▶ [Description of the task]:
Taking the line with "2013 Toyota PRIUS фото" as the first and the last line of the entries as the final one, copy that span exactly.

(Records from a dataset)
== == ==
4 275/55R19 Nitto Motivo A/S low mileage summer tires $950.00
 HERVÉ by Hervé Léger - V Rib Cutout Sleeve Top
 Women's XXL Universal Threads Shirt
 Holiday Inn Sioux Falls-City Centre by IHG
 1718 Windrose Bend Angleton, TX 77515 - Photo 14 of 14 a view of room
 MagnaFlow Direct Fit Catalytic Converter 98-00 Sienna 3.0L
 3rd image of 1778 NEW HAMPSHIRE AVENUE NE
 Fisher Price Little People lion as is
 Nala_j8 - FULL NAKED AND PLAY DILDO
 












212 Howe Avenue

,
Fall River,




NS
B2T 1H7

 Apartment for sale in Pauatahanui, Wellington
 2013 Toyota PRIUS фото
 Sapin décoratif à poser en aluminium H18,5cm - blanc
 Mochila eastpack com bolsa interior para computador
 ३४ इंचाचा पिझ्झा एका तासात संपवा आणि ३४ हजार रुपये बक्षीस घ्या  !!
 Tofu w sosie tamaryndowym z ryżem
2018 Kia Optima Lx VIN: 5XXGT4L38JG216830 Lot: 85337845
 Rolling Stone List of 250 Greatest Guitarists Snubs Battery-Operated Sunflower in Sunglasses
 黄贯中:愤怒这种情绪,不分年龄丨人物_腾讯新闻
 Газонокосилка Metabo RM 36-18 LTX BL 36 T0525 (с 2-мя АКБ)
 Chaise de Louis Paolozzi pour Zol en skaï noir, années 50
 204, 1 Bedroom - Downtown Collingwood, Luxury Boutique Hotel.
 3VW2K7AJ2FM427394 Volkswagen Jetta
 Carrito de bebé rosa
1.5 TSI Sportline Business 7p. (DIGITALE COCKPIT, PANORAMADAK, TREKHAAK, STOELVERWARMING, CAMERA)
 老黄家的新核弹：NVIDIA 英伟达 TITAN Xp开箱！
== == ==
▶ [Exercise solution]:
 2013 Toyota PRIUS фото
 Sapin décoratif à poser en aluminium H18,5cm - blanc
 Mochila eastpack com bolsa interior para computador
 ३४ इंचाचा पिझ्झा एका तासात संपवा आणि ३४ हजार रुपये बक्षीस घ्या  !!
 Tofu w sosie tamaryndowym z ryżem
2018 Kia Optima Lx VIN: 5XXGT4L38JG216830 Lot: 85337845
 Rolling Stone List of 250 Greatest Guitarists Snubs Battery-Operated Sunflower in Sunglasses
 黄贯中:愤怒这种情绪,不分年龄丨人物_腾讯新闻
 Газонокосилка Metabo RM 36-18 LTX BL 36 T0525 (с 2-мя АКБ)
 Chaise de Louis Paolozzi pour Zol en skaï noir, années 50
 204, 1 Bedroom - Downtown Collingwood, Luxury Boutique Hotel.
 3VW2K7AJ2FM427394 Volkswagen Jetta
 Carrito de bebé rosa
1.5 TSI Sportline Business 7p. (DIGITALE COCKPIT, PANORAMADAK, TREKHAAK, STOELVERWARMING, CAMERA)
 老黄家的新核弹：NVIDIA 英伟达 TITAN Xp开箱！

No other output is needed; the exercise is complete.